Sganarelle : Comment ? il y avait six jours entiers qu’il ne pouvait mourir, et cela le fit mourir tout d’un coup. Voulez-vous rien de plus efficace ?
Dom Juan : Tu as raison.
Femme, écoute ton seigneur et maître !
C’est Arnolphe qui parle ainsi à sa fiancée Agnès. Mais la pièce de Molière s’appelle L’École des femmes : et les maris tyranniques ne sont pas bien vus dans cette école-là…
Je vous épouse, Agnès; et, cent fois la journée,
Vous devez bénir l'heur de votre destinée,
Contempler la bassesse où vous avez été,
Et dans le même temps admirer ma bonté,
Qui, de ce vil état de pauvre villageoise,
Vous fait monter au rang d'honorable bourgeoise,
Et jouir de la couche et des embrassements
D'un homme qui fuyait tous ces engagements,
Et dont à vingt partis, fort capables de plaire,
Le coeur a refusé l'honneur qu'il veut vous faire.
Vous devez toujours, dis-je, avoir devant les yeux
Le peu que vous étiez sans ce nœud glorieux,
Afin que cet objet d'autant mieux vous instruise,
A mériter l'état où je vous aurai mise,
A toujours vous connaître, et faire qu'à jamais
Je puisse me louer de l'acte que je fais.

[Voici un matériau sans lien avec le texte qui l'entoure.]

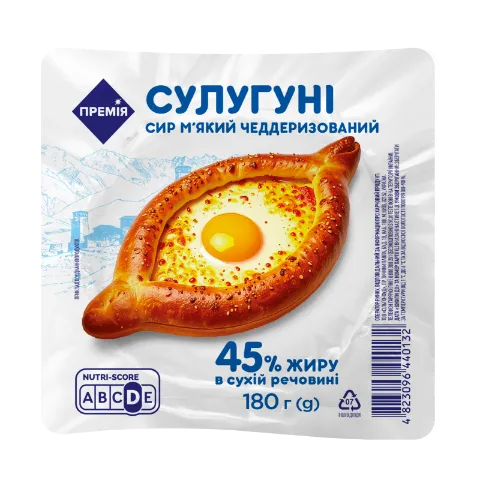 Сир «Премія»® Сулугуні 45%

Le mariage, Agnès, n'est pas un badinage:
A d'austères devoirs le rang de femme engage;
Et vous n'y montez pas, à ce que je prétends,
Pour être libertine et prendre du bon temps.
Votre sexe n'est là que pour la dépendance:
Du côté de la barbe est la toute-puissance.
Bien qu'on soit deux moitiés de la société,
Ces deux moitiés pourtant n'ont point d'égalité;
L'une est moitié suprême, et l'autre subalterne;
L'une en tout est soumise à l'autre, qui gouverne;
Et ce que le soldat, dans son devoir instruit,
Montre d'obéissance au chef qui le conduit,
Le valet à son maître, un enfant à son père,
A son supérieur le moindre petit frère,
N'approche point encor de la docilité,
Et de l'obéissance, et de l'humilité,
Et du profond respect où la femme doit être
Pour son mari, son chef, son seigneur et son maître.
Lorsqu'il jette sur elle un regard sérieux,
Son devoir aussitôt est de baisser les yeux,
Et de n'oser jamais le regarder en face
Que quand d'un doux regard il lui veut faire grâce.